Mixed-use properties are often quoted using a blended cap rate.  This presents the asset as a single pricing outcome, even though different components are rarely evaluated that way beneath the surface.

In practice, different uses within the same property, whether multifamily, retail, or office, carry different income stability, lease structures, and risk profiles.  When those differences are material, a single cap rate can obscure how risk is actually distributed within the asset.  This is where a bifurcated analysis becomes relevant.

How Bifurcated Analysis Works

A bifurcated analysis separates the property into individual components, values each independently, and then recombines the results.

At a high level:

  • segment NOI by use (multifamily, retail, office, etc.)

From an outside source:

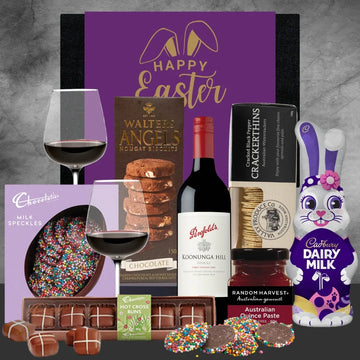 Gourmet Easter basket with wine, chocolate, and a bunny figure on a gray background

  • apply market-appropriate cap rate to each component

  • aggregate the values

The goal is not to complicate the valuation, but to reflect how the market prices different risk profiles within the same asset.  Notably, the blended cap rate is not an input – it is simply the weighted output of these underlying assumptions.

Example

Consider a mixed-use property with the following income streams:

  • Multifamily NOI: $5 million

  • Retail NOI: $1 million

  • Total NOI: $6 million

Using a bifurcated approach:

  • Multifamily: $5 million at a 5.0% cap rate = $100 million

  • Retail: $1 million at a 7.0% cap rate = $14.3 million

  • Combined value: $114.3 million

This illustrates how value is driven by each component’s risk profile, rather than a single blended assumption across the asset.

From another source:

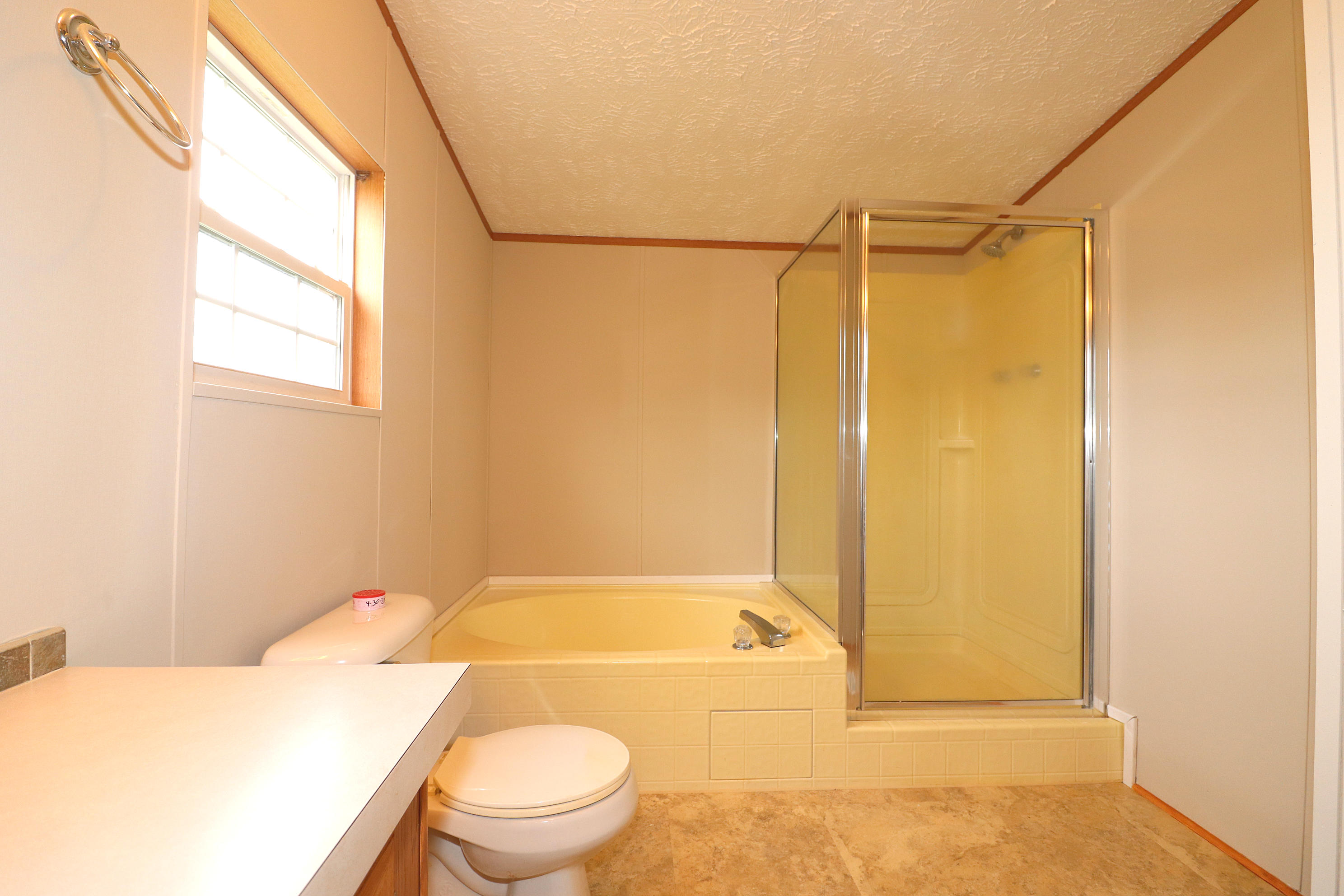 615 Edwards Road Penhook, VA 24137 - Photo 15 of 16 a bathroom with a granite countertop sink toilet and shower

Where the Blended Approach Works

If there are strong mixed-use comps with consistent pricing, the market may already be capturing these dynamics.  In those cases, bifurcation can serve as a supplemental check rather than the primary valuation method.

A blended cap rate works best when:

  • components are similar in risk

  • there are strong comparable sales

  • income streams behave consistently

It becomes less reliable when:

  • one component carries disproportionate risk

  • lease structures differ significantly (e.g. short-term retail vs stabilized multifamily)

  • certain uses are non-core or harder to finance

  • comparable sales are limited or inconsistent

The Capital Perspective

From a capital perspective, mixed-use assets are rarely evaluated as a single risk profile.  Lenders and investors typically underwrite each component based on its own characteristics.

Key considerations include:

  • which income stream drives repayment visibility

  • how each component performs under stress

  • which uses are considered core vs non-core

  • how risk migrates across components if performance deteriorates

In many cases, capital effectively anchors to the most stable component (for example, multifamily) while applying more conservative assumptions to the rest.  This means the non-core component can disproportionately influence the structure of the deal, even if it represents a smaller portion of total income.

This can directly impact:

  • loan sizing

  • leverage levels

  • refinance assumptions

  • overall structure feasibility

A blended cap rate tells you what the asset trades for.  A bifurcated analysis helps explain what’s driving that price and how each income stream is evaluated.  More importantly, it provides visibility into where risk sits, what constrains leverage, and how capital will ultimately structure the deal.